Show that the equation 1 / x4+ 1 / y 4 = 1 / z 2 has no solution in positive integers.
Answers
Step-by-step explanation:
We have to show that the Diophantine equation x^4 + y^4 = z^2 (1) does not have an integer solution. Let us assume now that (1) has an integer solution (x1, y1, z1) as its smallest positive integer solution. Since the positive integers of this solution are relatively prime in pairs, without loss of generality, we can assume that x1 is odd, y1 is even and z1 is odd.
If we will show that equation (1) does not have a positive integer solution, then it follows that the equation x^4 + y^4 = z^4 (2) does not have an integer solution and also the equation x^n + y^n = z^n (3) for n = 4k, will not have integer solution when k is a natural number such that k ≥ 1. This follows directly from the fact that if the equation x^(4k) + y^(4k) = z^(4k) => (x^k)^4 + (y^k)^4 = (z^k)^4 had an integer solution for any k ≥ 1, then the known Diophantine equation X^4 + Y^4 = Z^4 with X = x^k, Y = y^k, Z = z^k would also have a positive integer solution. This means that the numbers x^k, y^k, z^k would be all positive integers, so X, Y, Z will also be positive integers. But this is impossible because of the equation (2).
In order to show that (2) does not have an integer solution, it is sufficient to show that the Diophanttic equation x^4 + y^4 = z^2 does not have a positive integer solution.

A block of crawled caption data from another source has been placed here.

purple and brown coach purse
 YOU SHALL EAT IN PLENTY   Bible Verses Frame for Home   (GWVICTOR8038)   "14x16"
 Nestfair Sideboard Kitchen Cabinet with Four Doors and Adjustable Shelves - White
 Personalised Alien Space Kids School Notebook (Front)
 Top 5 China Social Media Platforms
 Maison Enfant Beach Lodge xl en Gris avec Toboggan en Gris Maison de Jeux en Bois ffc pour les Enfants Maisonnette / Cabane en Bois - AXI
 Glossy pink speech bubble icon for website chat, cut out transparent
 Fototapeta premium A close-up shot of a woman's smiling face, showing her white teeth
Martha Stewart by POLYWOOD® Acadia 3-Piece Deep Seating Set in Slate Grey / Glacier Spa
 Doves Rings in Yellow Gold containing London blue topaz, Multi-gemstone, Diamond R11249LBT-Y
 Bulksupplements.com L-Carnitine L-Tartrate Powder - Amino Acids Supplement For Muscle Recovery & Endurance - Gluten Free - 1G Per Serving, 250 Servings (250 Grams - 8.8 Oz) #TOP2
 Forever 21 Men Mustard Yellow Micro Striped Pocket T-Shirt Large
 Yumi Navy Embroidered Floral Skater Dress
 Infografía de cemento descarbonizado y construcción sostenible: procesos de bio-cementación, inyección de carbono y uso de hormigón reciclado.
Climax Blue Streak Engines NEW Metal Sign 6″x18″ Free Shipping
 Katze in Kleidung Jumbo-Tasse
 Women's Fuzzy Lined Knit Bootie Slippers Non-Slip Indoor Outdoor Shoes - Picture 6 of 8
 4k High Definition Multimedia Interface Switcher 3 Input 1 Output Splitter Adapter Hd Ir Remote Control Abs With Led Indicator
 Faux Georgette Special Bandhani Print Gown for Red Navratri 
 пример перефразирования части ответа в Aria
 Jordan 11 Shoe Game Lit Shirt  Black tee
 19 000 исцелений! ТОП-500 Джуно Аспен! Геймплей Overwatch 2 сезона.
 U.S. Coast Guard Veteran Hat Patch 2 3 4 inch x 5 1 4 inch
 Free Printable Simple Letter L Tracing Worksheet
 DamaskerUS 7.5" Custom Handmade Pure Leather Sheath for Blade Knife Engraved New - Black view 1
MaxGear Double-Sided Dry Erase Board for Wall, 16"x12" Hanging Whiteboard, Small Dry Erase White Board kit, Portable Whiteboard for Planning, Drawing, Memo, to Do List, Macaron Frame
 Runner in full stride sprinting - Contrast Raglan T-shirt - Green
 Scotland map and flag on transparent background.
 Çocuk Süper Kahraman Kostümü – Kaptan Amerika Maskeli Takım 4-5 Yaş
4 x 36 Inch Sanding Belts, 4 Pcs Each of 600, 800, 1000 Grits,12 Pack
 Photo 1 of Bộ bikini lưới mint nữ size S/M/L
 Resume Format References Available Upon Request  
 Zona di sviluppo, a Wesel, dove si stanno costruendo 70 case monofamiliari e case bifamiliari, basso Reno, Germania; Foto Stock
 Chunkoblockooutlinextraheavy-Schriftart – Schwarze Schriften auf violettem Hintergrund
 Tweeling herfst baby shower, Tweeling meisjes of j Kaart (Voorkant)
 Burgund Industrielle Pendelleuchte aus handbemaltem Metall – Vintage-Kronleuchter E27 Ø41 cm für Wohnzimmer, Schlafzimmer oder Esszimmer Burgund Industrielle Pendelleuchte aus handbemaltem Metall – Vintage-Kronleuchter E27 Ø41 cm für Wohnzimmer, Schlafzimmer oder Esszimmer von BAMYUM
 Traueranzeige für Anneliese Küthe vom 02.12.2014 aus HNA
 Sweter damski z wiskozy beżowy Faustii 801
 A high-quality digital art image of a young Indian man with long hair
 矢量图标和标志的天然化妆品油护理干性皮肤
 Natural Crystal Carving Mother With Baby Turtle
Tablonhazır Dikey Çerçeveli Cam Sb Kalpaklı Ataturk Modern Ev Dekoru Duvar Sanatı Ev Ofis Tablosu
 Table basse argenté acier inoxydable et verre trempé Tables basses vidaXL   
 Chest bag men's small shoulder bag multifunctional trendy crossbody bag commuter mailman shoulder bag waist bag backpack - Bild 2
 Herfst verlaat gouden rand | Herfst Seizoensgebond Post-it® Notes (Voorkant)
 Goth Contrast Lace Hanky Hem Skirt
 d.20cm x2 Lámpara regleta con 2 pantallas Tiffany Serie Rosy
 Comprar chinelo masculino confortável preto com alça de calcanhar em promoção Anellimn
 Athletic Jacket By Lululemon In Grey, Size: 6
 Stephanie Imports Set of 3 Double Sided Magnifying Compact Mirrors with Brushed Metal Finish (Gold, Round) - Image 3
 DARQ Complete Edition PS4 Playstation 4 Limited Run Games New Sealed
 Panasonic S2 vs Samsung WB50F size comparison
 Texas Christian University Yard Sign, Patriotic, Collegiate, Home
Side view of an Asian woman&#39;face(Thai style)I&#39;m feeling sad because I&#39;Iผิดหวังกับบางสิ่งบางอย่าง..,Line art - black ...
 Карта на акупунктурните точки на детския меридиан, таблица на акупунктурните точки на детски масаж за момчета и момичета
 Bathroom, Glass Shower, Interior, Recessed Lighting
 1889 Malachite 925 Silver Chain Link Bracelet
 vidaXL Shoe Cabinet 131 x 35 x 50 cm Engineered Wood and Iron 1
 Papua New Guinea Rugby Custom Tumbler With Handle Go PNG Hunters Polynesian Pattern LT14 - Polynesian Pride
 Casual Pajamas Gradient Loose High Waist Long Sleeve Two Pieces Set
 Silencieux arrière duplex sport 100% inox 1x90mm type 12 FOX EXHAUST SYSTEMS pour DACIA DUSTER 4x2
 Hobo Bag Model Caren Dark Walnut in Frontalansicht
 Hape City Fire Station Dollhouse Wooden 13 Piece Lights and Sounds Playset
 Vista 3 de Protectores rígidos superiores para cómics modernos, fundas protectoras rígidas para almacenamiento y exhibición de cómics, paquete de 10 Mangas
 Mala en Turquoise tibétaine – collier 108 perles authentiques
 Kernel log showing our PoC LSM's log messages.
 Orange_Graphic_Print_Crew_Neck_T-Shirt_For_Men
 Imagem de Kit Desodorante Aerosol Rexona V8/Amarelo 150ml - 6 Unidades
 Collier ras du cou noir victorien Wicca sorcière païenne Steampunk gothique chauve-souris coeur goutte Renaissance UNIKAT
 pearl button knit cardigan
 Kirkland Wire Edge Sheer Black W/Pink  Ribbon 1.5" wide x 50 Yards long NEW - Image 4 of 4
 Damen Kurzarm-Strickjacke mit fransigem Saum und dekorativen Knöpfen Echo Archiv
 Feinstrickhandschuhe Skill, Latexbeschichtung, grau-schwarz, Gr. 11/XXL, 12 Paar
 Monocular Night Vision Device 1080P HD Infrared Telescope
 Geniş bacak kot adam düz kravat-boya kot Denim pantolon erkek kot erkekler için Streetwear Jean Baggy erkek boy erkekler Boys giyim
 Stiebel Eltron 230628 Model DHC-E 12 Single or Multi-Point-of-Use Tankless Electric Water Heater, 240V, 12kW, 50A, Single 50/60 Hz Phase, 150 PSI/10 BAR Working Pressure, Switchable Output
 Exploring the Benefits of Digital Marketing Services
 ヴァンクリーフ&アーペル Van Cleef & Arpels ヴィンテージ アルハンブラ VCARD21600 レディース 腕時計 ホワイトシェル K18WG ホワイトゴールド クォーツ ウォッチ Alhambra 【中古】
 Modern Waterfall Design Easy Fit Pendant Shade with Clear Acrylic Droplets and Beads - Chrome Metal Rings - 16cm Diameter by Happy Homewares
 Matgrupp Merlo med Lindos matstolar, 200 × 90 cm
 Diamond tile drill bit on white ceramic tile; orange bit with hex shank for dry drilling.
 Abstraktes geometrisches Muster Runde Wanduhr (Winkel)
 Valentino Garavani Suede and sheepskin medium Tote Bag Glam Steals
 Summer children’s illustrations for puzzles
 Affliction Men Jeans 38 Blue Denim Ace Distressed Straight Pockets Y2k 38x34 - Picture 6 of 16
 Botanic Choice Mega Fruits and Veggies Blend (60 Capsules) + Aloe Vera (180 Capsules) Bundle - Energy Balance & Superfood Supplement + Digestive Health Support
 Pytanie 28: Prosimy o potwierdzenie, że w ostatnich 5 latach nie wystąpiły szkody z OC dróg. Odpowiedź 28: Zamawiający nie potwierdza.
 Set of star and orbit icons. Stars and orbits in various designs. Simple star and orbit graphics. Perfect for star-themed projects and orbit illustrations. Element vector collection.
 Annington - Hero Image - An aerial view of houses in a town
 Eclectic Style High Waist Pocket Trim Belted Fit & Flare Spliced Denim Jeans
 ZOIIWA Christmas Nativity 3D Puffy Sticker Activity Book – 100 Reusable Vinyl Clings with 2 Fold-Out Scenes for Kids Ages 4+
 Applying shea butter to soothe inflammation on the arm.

We now assume that equation (1) has the solution (x1, y1, z1), so that (x1, y1) = 1, (y1, z1) = 1 and (x1, z1) = 1 and we consider that this solution is the smallest possible. Without damage of generality, we can assume that x1 is odd, y1 is even and consequently z1 is odd. If ((x1)^2)^2 + ((y1)^2)^2 = (z1)^2 is true, then the mathematical formula of the solution of this diophantine equation implies that there exist positive integers a, b with a > b and a - b ≠ 2m (m being a nonzero natural number), such that:
(x1)^2 = a^2 - b^2 (3)
(y1)^2 = 2ab (4)
(z1)^2 = a^2 + b^2 (5)
From relation (3) it follows that (x1)^2 + b^2 = a^2 (6) and therefore we observe that the integers x1, b and a form a pythagorean triple with x1 odd and b even. Therefore, there exist relatively prime positive integers r, s with r > s and r - s ≠ 2m’ where m’ is a nonzero natural number, such that:
x1 = r^2 - s^2 (7)
b = 2rs (8)
a = r^2 + s^2 (9)
Replacing equations (8) and (9) in equation (4), we obtain:
(y1)^2 = 2(r^2 + s^2) 2rs => ((y1)/2)^2 = (r^2 + s^2)rs (10)
However, because r, s are relatively prime, it follows that G.C.D. (r^2, s^2) = 1 and therefore the numbers (r^2 + s^2), r and s will also be pairwise relatively prime. Therefore, we will have (r, s) = 1, ((r^2 + s^2), r) = 1 and ((r^2 + s^2), s) = 1 and from the relation (10), it follows that r, s and (r^2 + s^2) will all be perfect squares. This means that there exist positive integers t, u, q such that:
r = t^2 (11)
s = u^2 (12)
r^2 + s^2 = q^2 (13), therefore:
q^2 = r^2 + s^2 = c^4 + d^4 => c^4 + d^4 = q^2 (14)
Since we have 0 < q ≤ a < a^2 + b^2 = z1, there is another positive integer solution for the equation (1), consisting of the triple of positive integers c, d and q, which are pairwise relatively prime and smaller than x1, y1, z1. However, this cannot be true, because we have accepted that the solution consisting of the numbers x1, y1, z1 is the smallest possible. So the equation (1) does not have an integer solution and therefore the equation (4) does not have an integer solution too.